[Image-caption web data]
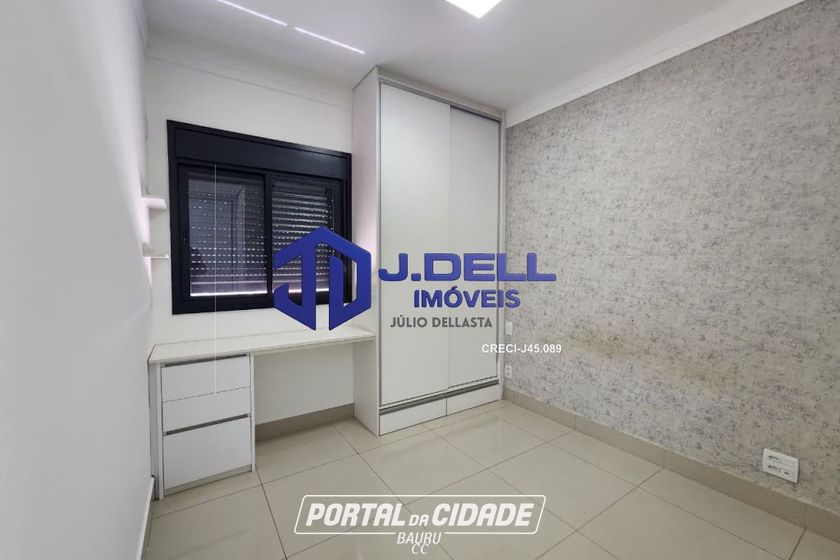 Apartamento &agrave; venda - 107m&sup2; - Aviacao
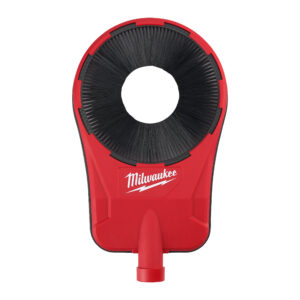 Milwaukee Pölynpoisto Porakruunu Phde152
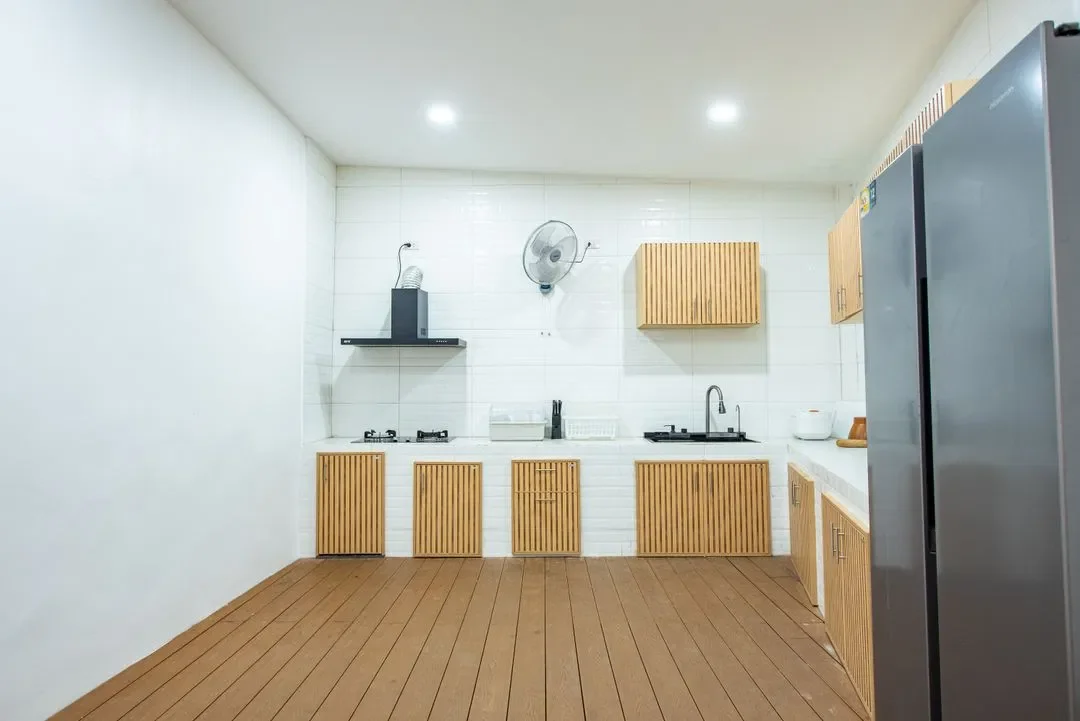 VPool Villa V4 รูปที่ 18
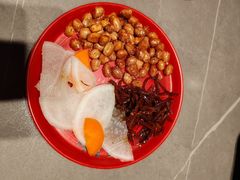 -阿诚市井潮汕菜(金台路店)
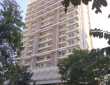 4 BHK Apartment For Sale At Darvesh Royale, Perry Road, Bandra West.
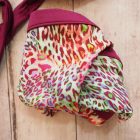 Calzedonia Margherit Push up bikini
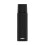 Sigg Sigg Thermo Flask Gemstone IBT - 0.5L - Obsidian 1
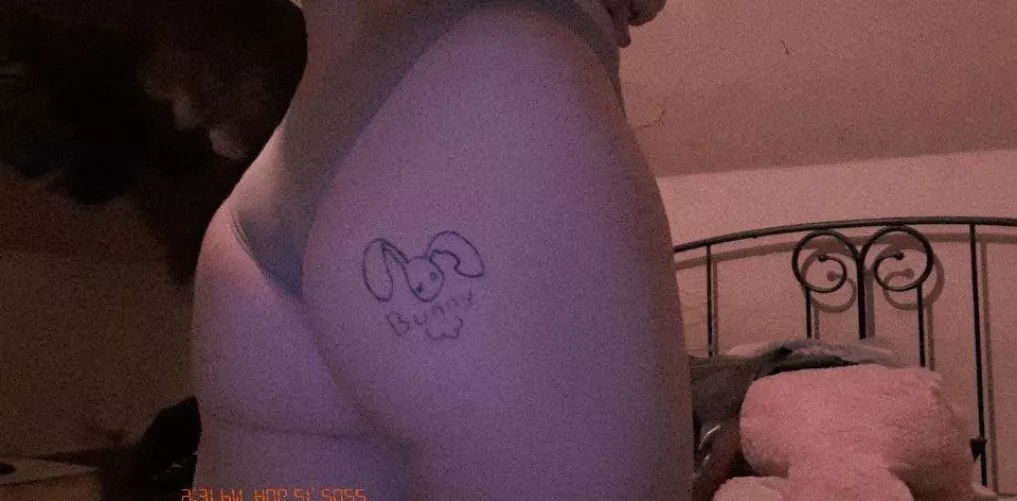 Adorable sub ready to take on anything for my master 😘🤤 link in comments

EXERCISE PROMPT:
With the pictures left out, write out all of the data exactly.

RESPONSE:
 Apartamento &agrave; venda - 107m&sup2; - Aviacao
 Milwaukee Pölynpoisto Porakruunu Phde152
 VPool Villa V4 รูปที่ 18
 -阿诚市井潮汕菜(金台路店)
 4 BHK Apartment For Sale At Darvesh Royale, Perry Road, Bandra West.
 Calzedonia Margherit Push up bikini
 Sigg Sigg Thermo Flask Gemstone IBT - 0.5L - Obsidian 1
 Adorable sub ready to take on anything for my master 😘🤤 link in comments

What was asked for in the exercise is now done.